Creating and Using a Secondary Index on a Join Index

The following is an example creating and using secondary index on a join index:

     CREATE INDEX shipidx(1_shipdate) ON OrderJoinLine;
   
     ***Index has been created.
     ***Total elapsed time was 5 seconds.
     EXPLAIN
     SELECT o_orderdate, o_custkey, 1_partkey, 1_quantity,  
            1_extendedprice
     FROM lineitem, ordertbl
     WHERE 1_ordkey=o_orderkey
     AND   l_shipdate=’1997-09-18’;
Explanation
-----------------------------------------------------------------
1) First, we lock a distinct df2.”pseudo table” for read on a
   RowHash to prevent global deadlock for df2.OrderJoinLine.
2) Next, we lock df2.OrderJoinLine for read.
3) We do an all-AMPs RETRIEVE step from join index table
   df2.OrderJoinLine by way of index # 12
   “df2.OrderJoinLine.1_shipdate=970918” with a residual
   condition of (“(NOT(df2.OrderJoinLine.1_shipdate=970918)”) into
   Spool 1, which is built locally on the AMPs. The input table will
   not be cached in memory, but it is eligible for synchronized 
   scanning. The result spool file will not be cached in memory. 
   The size of Spool 1 is estimated to be 500 rows. The estimated 
   time for this step is 0.37seconds.
4) Finally, we send out an END TRANSACTION step to all AMPs involved in
   processing the request.

Join Index Left Outer Joined on 6 Tables

The following join index definition left outer joins table t1 with, in succession, tables t2, t3, t4, t5, and t6 on a series of equality conditions made on foreign key-primary key relationships among the underlying base tables:

     CREATE JOIN INDEX jiout AS
     SELECT a1,b1,c1,c2,d1,d3,e1,e4,f1,g1,h1,i1,j1,j5,k1,k6, x1
     FROM t1
     LEFT OUTER JOIN t2 ON  a1=a2
                        AND b1=b2
                        AND c1=c2
     LEFT OUTER JOIN t3 ON  d1=d3
     LEFT OUTER JOIN t4 ON  e1=e4
                        AND f1=f4
     LEFT OUTER JOIN t5 ON  g1=g5
                        AND h1=h5
                        AND i1=i5
                        AND j1=j5
     LEFT OUTER JOIN t6 ON  k1=k6;

Even though the following query references fewer tables than are defined in the join index, you would expect the Optimizer to include join index ji_out in its access plan because all the extra outer joins are defined on unique columns and the extra tables are the inner tables in the outer joins. A covering join index whose definition includes one or more tables that is not specified in the query it covers is referred to as a broad join index. A wide range of queries can make use of a broad join index, especially when there are foreign key-primary key relationships defined between the fact table and the dimension tables that enable the index to be used to cover queries over a subset of dimension tables.

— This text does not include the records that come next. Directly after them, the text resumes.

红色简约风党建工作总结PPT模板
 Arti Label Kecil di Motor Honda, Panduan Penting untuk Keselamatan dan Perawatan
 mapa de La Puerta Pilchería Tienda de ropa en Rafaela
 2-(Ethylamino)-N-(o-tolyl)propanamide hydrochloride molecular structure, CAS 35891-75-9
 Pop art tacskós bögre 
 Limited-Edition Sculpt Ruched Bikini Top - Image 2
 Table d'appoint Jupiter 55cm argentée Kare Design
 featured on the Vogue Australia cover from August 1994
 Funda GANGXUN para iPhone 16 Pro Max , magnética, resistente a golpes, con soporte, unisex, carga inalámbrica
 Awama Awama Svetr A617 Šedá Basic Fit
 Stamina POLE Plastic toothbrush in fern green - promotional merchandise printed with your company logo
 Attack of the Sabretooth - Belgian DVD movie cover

The bold EXPLAIN report text indicates that the Optimizer does select ji_outfor the query plan. This is an example of a broad join index being used to cover a query.

     EXPLAIN SELECT a1, b1, c1, SUM(x1)
     FROM t1,t2
     WHERE a1=a2
     AND   b1=b2
     AND   c1=c2
     GROUP BY 1, 2, 3;
      *** Help information returned. 18 rows.
      *** Total elapsed time was 1 second.
    Explanation
    -------------------------------------------------------------------
      1) First, we lock a distinct HONG_JI."pseudo table" for read on a
         RowHash to prevent global deadlock for  HONG_JI.jiout.
      2) Next, we lock  HONG_JI.jiout  for read.
      3) We do an all-AMPs SUM step to aggregate from  HONG_JI.jiout  
         by way of an all-rows scan with no residual conditions, and 
         the grouping identifier in field 1. Aggregate Intermediate 
         Results are computed locally, then placed in Spool 3. The 
         size of Spool 3 is estimated with high confidence to be 2
         rows. The estimated time for this step is 0.03 seconds.
      4) We do an all-AMPs RETRIEVE step from Spool 3 (Last Use) by 
         way of an all-rows scan into Spool 1 (group_amps), which is 
         built locally on the AMPs. The size of Spool 1 is estimated 
         with high confidence to be 2 rows. The estimated time for 
         this step is 0.04 seconds.
      5) Finally, we send out an END TRANSACTION step to all AMPs
         involved in processing the request.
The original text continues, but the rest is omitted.